● **MATERIAL FOR THE TASK**:
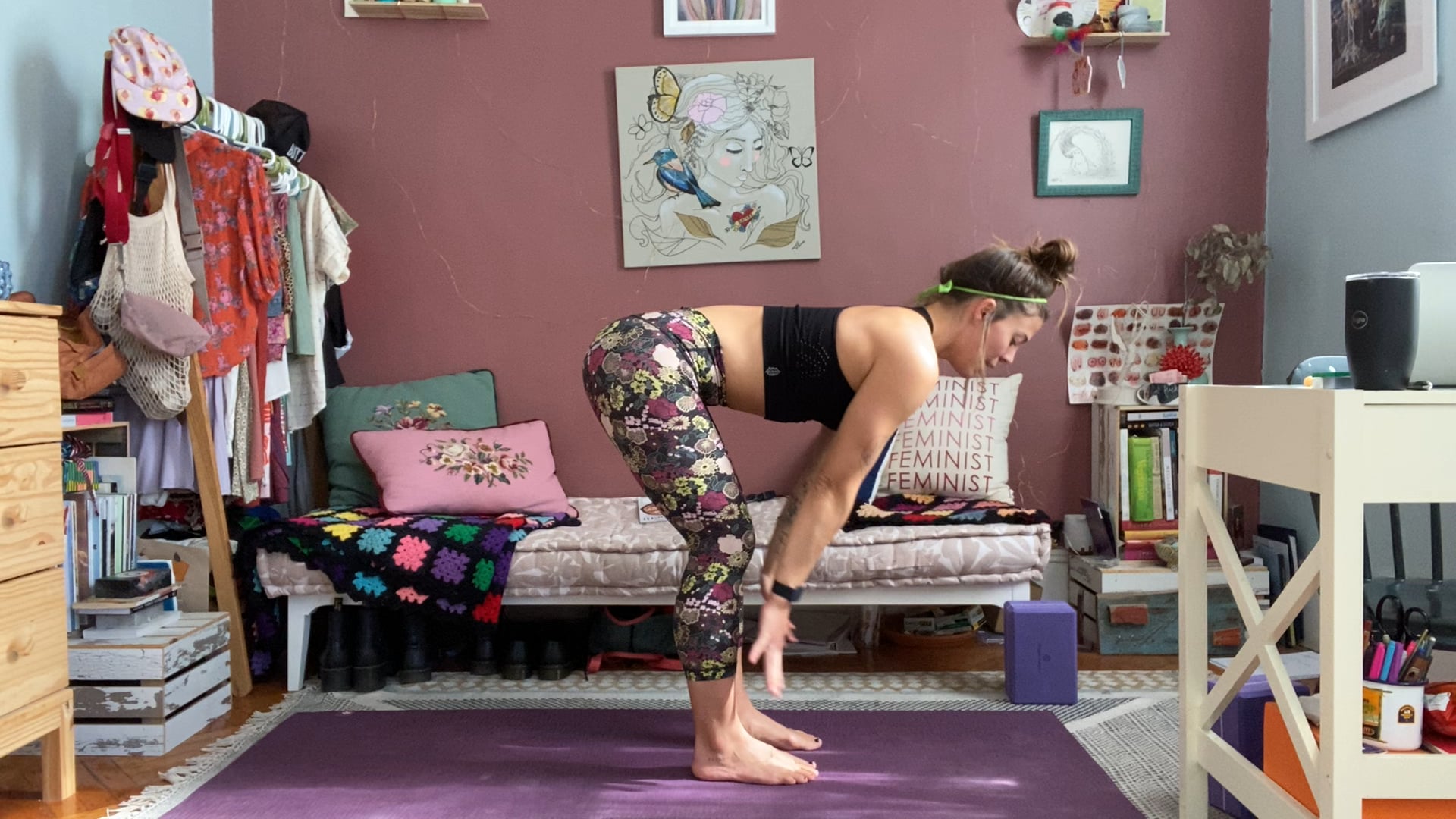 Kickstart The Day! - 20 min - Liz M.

==

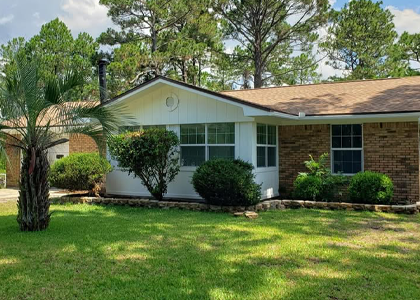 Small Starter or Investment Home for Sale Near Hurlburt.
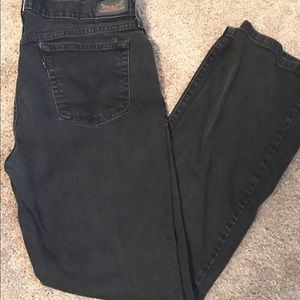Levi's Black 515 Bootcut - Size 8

● **WORK REQUIRED**: Above are some entries. Restate word for word the lines from the one holding "Small Starter or" through the one holding "Levi's Black 515 Bootcut - Size 8", but not the pictures.

● **RESPONSE AREA**:
 Small Starter or Investment Home for Sale Near Hurlburt.
Levi's Black 515 Bootcut - Size 8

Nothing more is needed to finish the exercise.